Try ssh-ing your own machine

$ ssh localhost

Without passwordless ssh, you will need to enter your password to login into your own system through ssh. To so

$ ssh-keygen

the command will ask for the location of the id_rsa and the id_rsa.pub keys. Press enter to accept the default location.
The command will ask for the passphrase. Just press enter to not have any password at all (afterall, we are trying to achieve passwordless-ssh) 

The command sometimes ends with a wierd random art of the key like this. 

+--[ RSA 2048]----+
|               -.|
|              .+o|
|              A=o|
|       .      ..=|
|        P .. . O |
|       . . .o    |
|          . F.. .|
|           +.o.o |
|          o O=+  |
+-----------------+

or just a cryptic fingerprint like this a2:b1:5e:6f:2a:a2:d7:3f:d1:e5:5a:aa:ab:c5:e8:2a

But yea, don't get scared. you do not have to remember them :P
now go to your home directory and copy the pub file to authorized_keys. 

$ cd /Users/rajgopalv
$ cd .ssh
$ cp id_*.pub authorized_keys
$ ssh localhost


some times, when you login for a first time to the host, you will be asked with a security warning of some kind... 


The authenticity of host 'localhost (::1)' can't be established.
RSA key fingerprint is <<[then finger print]>>
Are you sure you want to continue connecting (yes/no)?

just type "yes" and continue. The system should not ask a password, and you should be able to login successfully.
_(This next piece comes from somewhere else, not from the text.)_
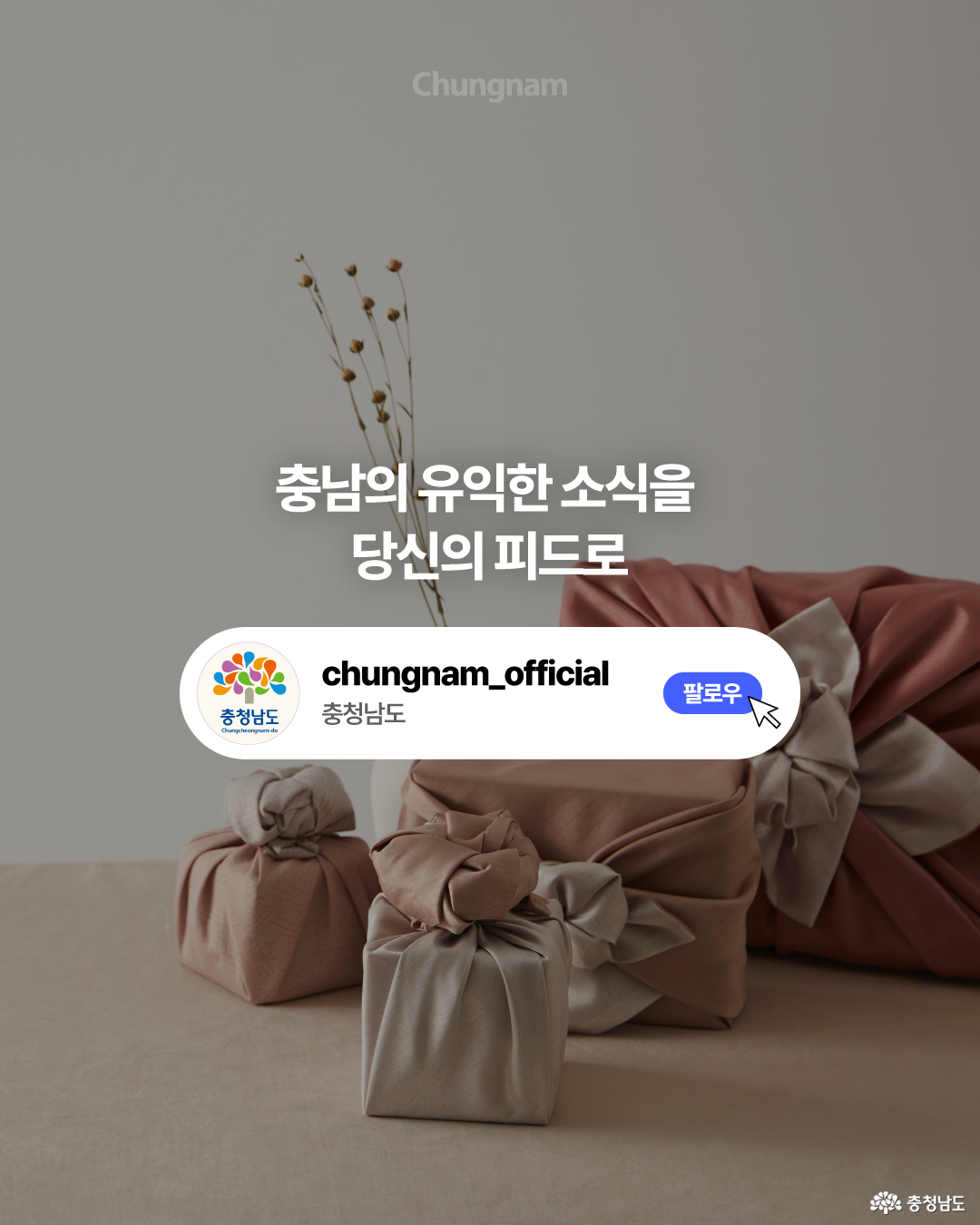 차분한 회색 배경에 분홍색과 베이지색 보자기로 포장한 여러 크기의 선물상자가 놓여 있고, 뒤쪽에는 마른 꽃가지를 꽂은 화병이 배치되어 있습니다. 중앙에는 &lsquo;충남의 유익한 소식을 당신의 피드로&rsquo;라는 문구와 충청남도 공식 계정의 &lsquo;팔로우&rsquo; 버튼이 크게 표시되어 있습니다.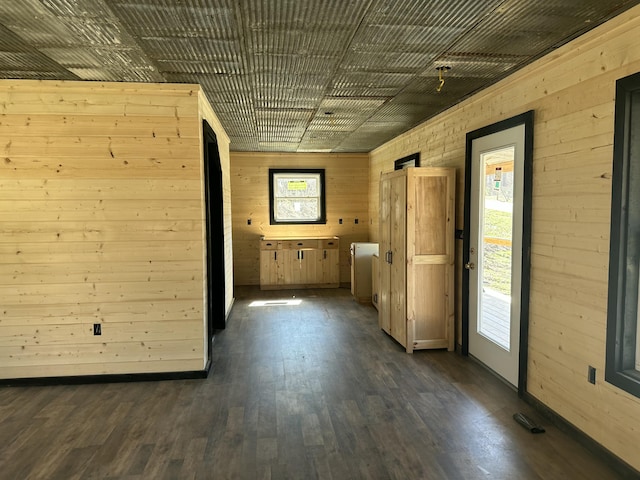 unfurnished room with wooden walls and dark wood-style flooring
Step-2 : Download the CDH4 tarballs.


The Hadoop and its family of softwares are available in tarball format in here : https://ccp.cloudera.com/display/SUPPORT/CDH4+Downloadable+Tarballs

Go ahead and download the stuff you want. 
But to begin with, let me start with downloading the "hadoop-2.0.0+922" tarball. If you want to run mapreduce version1 (i.e. nmot Yarn, ) then download the "hadoop-0.20-mapreduce-0.20.2+1341" tar ball too (recomended)
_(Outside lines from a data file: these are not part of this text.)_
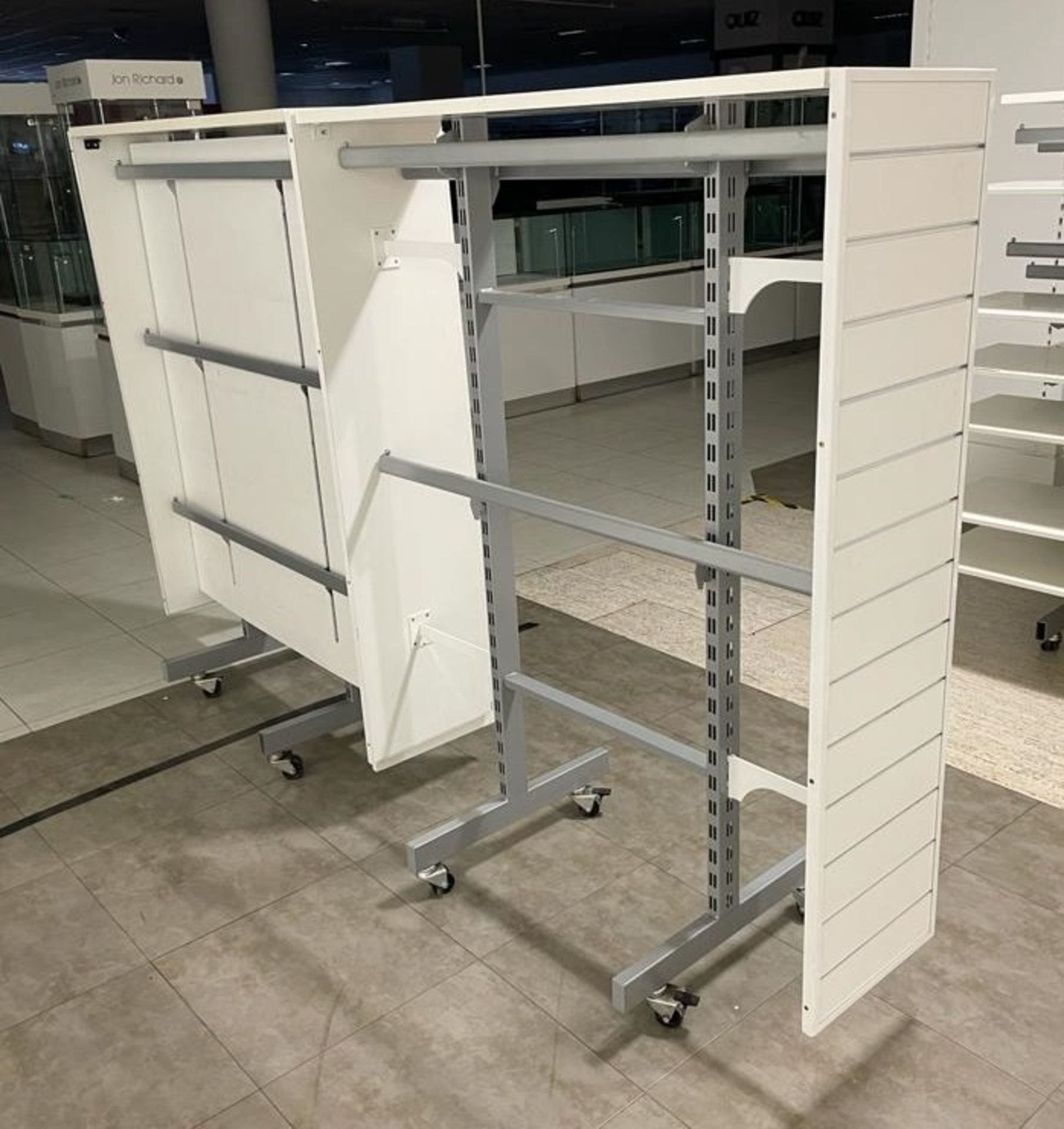 2 x Retail Display Units in White Featuring Clothes Rails, Slat Walls and Castor Wheels - Size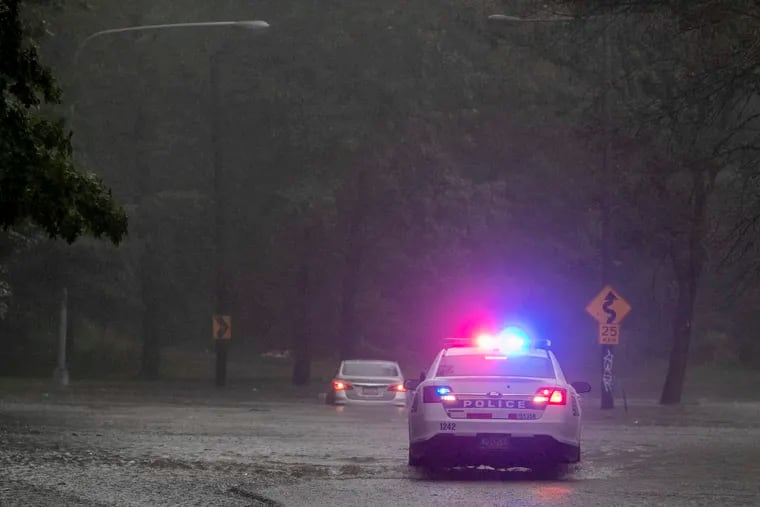 Philadelphia police officer blocks the roadway along Cobbs Creek Parkway as a vehicle sits in flood water near Springfield Ave in Philadelphia during heavy rain on August 4.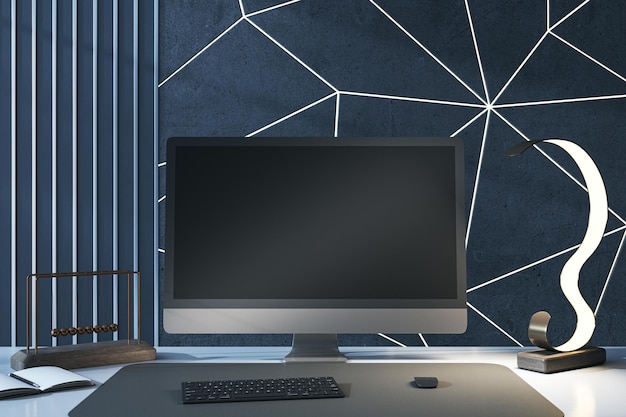 Primer plano del escritorio de diseñador creativo con monitor de computadora negro vacío, varios elementos y pared azul Mock up 3D Rendering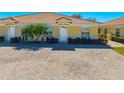 Charming home with lush landscaping, brick paved driveway, and a covered front entry at 1819 Coriander Dr # 1819, Kissimmee, FL 34759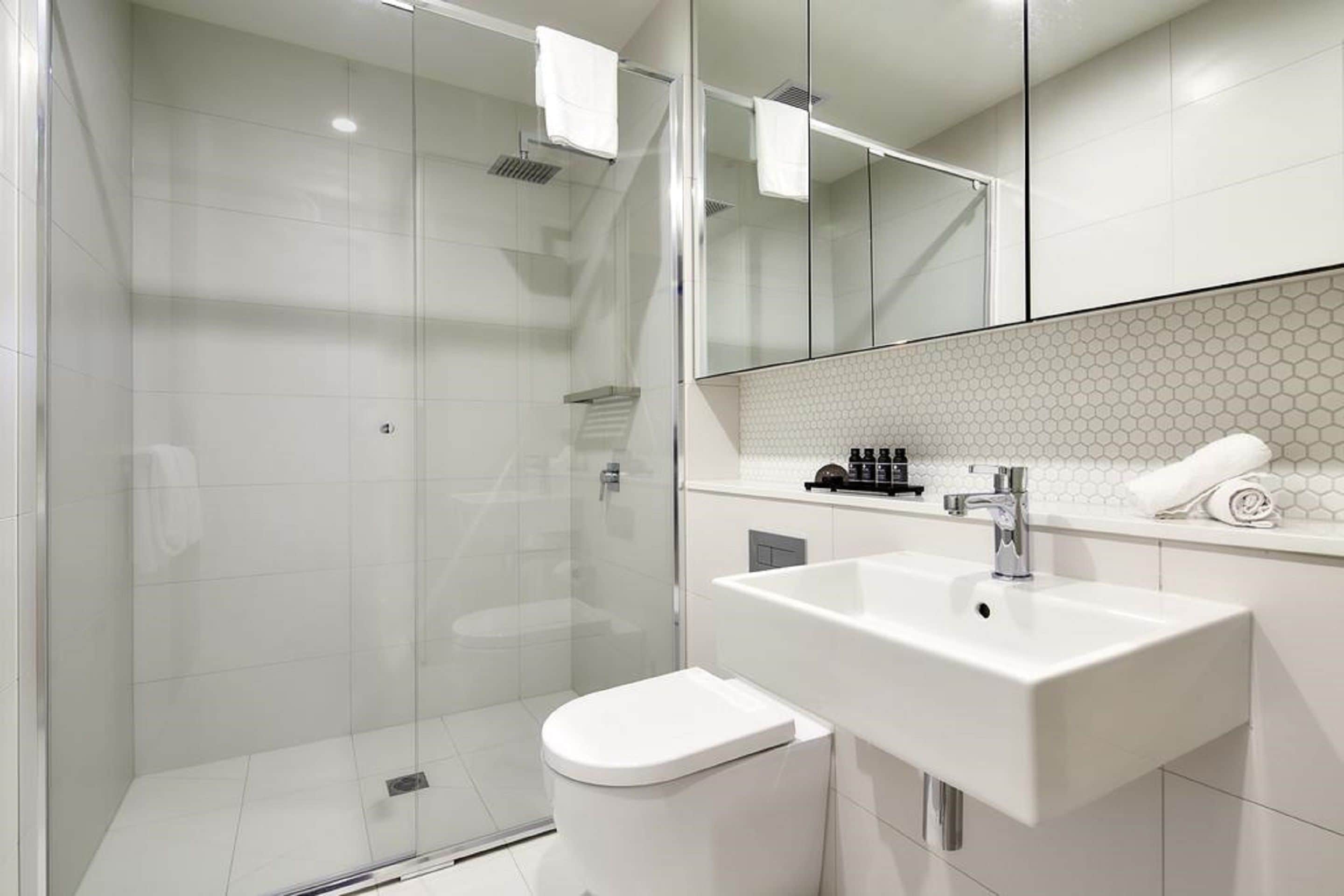 A modern bathroom with a glass-enclosed shower, a white sink, and a toilet.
Now, unzip these tarballs and place them wherever you wnat them to get installed. I personally prefer a "Softwares" folder in my home directory.

$ pwd
/Users/rajgopalv/Softwares
$ ls -ld hadoop*
drwxr-xr-x@ 14 rajgopalv  1668562246  476 Feb  7 07:00 hadoop-2.0.0-cdh4.1.3

drwxr-xr-x@ 29 rajgopalv  1668562246  986 Feb  6 11:20 hadoop-2.0.0-mr1-cdh4.1.3

Step-3: Configure

DFS configuration : 
go to the hadoop hadoop-2.0.0-cdh4.1.3/etc/hadoop directory and edit the core-site.xml to look like this . 

<configuration>
    <property>
        <name>fs.default.name</name>
        <value>hdfs://localhost:8020</value>
    </property>
    <property>
        <name>hadoop.tmp.dir</name>
        <value>/Users/rajgopalv/hadoop/data</value>
        <!-- ofcourse you can use any directory you want. -->
    </property>
</configuration>

and hdfs-site.xml to look like this:

<configuration>

    <property>
        <name>dfs.replication</name>
        <value>1</value>
    </property>
</configuration>

Similarly, configure the map-reduce too. Go to hadoop-2.0.0-mr1-cdh4.1.3/conf/ directory and edit the mapred-site.xml to look like this.

<configuration>
 <property>
    <name>mapred.job.tracker</name>
    <value>localhost:8021</value>
  </property>
</configuration>

Step-4: Run!

Now its time to format and start the DFS: 
go to the hadoop-2.0.0-cdh4.1.3 folder in your terminal.

$ cd /Users/rajgopalv/Softwares/hadoop-2.0.0-cdh4.1.3
$ bin/hdfs namenode -format

13/03/12 00:27:06 INFO namenode.NameNode: STARTUP_MSG:
/************************************************************
STARTUP_MSG: Starting NameNode
STARTUP_MSG:   host = Nucleus/192.168.2.106
STARTUP_MSG:   args = [-format]
STARTUP_MSG:   version = 2.0.0-cdh4.1.3
STARTUP_MSG:   classpath = /Users/rajgopalv.......... [etc etc..]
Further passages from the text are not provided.